Sadly, though, none of the above manufacturers practices what they preach. The new Ford pick up is almost as large as a bus, GM's Trailblazzer has a vette engine, Chryslers new Grand Cherokee goes from zero to 60 mph in 5.0 seconds and is not meant for the offroad and Toyotas new pick-up trucks are designed to be as large and powerful as their dreaded American counterparts. Maybe it is about time that we teach these corporate giants a lesson. What if they throw a party and no one shows up? Do you think that we have it in us to boycott these products? Fat chance.

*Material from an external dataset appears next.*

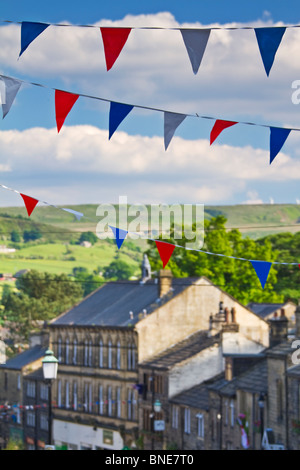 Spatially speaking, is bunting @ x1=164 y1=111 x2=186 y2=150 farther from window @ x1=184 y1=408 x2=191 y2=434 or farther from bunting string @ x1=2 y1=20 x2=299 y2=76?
window @ x1=184 y1=408 x2=191 y2=434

Saturday, February 25, 2006

Corporations that Do Good

Corporations vie with each other , just like the Hollywood denizens on Oscar night, to find out how they are judged by their peers on a large number of different issues.
Although we all know that such rankings are purely subjective, yet it is interesting to find out how many of the largest corporate giants rank against each other. Arguably, the most interesting rankings are not the general cumulative ones but the ordering of large corporations according to their "socially responsible" behaviour as good, productive, efficient and yet responsive citizens in their respective communities. The following is the list of the top ten most admired socially reponsible corporations as tabulated by Fortune Magazine:

1 United Parcel Service

2 International Paper

3 Exelon

4 Chevron

5 Publix Super Markets

6 Weyerhaeuser

7 Starbucks

8 Walt Disney

9 Herman Miller

10 Altria Group

Note: Do you find it paradoxical that almost half of these firms are engaged
in activities such as tobacco, paper and non-renewable energy?

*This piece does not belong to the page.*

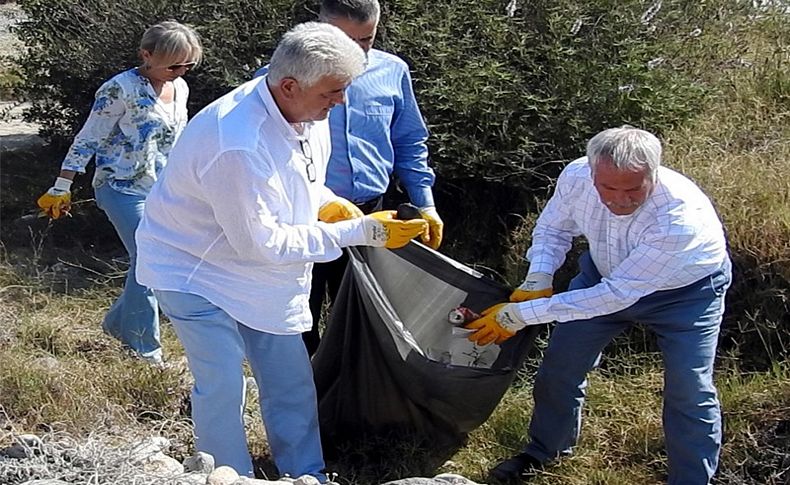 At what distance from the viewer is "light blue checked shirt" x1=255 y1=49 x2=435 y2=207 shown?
3.69 m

Why Is The Income Gap Widening?

Income distribution has been on a downward spiral in the US for quite sometime. The gap between the rich and the poor has progressively widened, the gully has become an abyss!!! Up until the 1960's the top 20% of US households earned ten times as much as the bottom 20% of households. This relatively high ratio has become larger still. The increasingly inequitable distribution of income has produced the current gulf where the top quintile (20%) of US households earn 14 times more than their counterparts at the bottom.

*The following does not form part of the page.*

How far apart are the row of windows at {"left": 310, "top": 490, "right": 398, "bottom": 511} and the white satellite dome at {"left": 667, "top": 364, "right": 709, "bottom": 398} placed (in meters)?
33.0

And yet the present administration in the White House is committed to making the tax cuts permanent or at least extending them until 2015. So what is wrong with a tax cut you ask? It is estimated that if the law is extended until 2015 then the average tax payer in the bottom 20% can expect an annual benefit of $23.00, yes that is not a misprint the benefit will amount to 6.3 cents a day for those that belong to the bottom 20% of the income earners. On the otherhand the top one tenth of one percent will each save $196,000.00 each year. A quick back-of -the-envelope calculation shows that the 20 million tax payers will share $460 million while the richest 100,000 tax payers will get a downpour of $19.6 billions. Now that is a trickle down effect in action!

Friday, February 24, 2006

Where is the Beef?

The latest figures released by the Federal Reserve demonstrate again that a major problem facing the US economy center around distributive justice , fairness and equity.

Average family income in the US; $70,700; has declined by 2.3percent between 2001 and 2004. The only solace in this figure is the fact that it is not as bad as what had occured during 1989-1992; a drop of 11.3%. ( For those that are too young to remember that was the era of Bush Sr!!!! Like father like son).

In all fairness though it must be noted that median family income; 43,200 saw a slight increase of 1.6% during the 2001-2004 time period. Interestingly median family networth witnessed also a small increase of 1.5% in the same period ; $93,100.

But what is most important and discouraging is the data about wealth gap. Those who are lucky enough to belong to the top 10% of households saw an increase in their net worth to an average of $3,110,000.00 when the bottom 25% experienced a decline in their networth to the level whereby they are in debt , on the average, to the tune of $1400.00.

"Clearly , the gains in wealth are going to the top end" said David Wise, the chief economist at Standard and Poor's.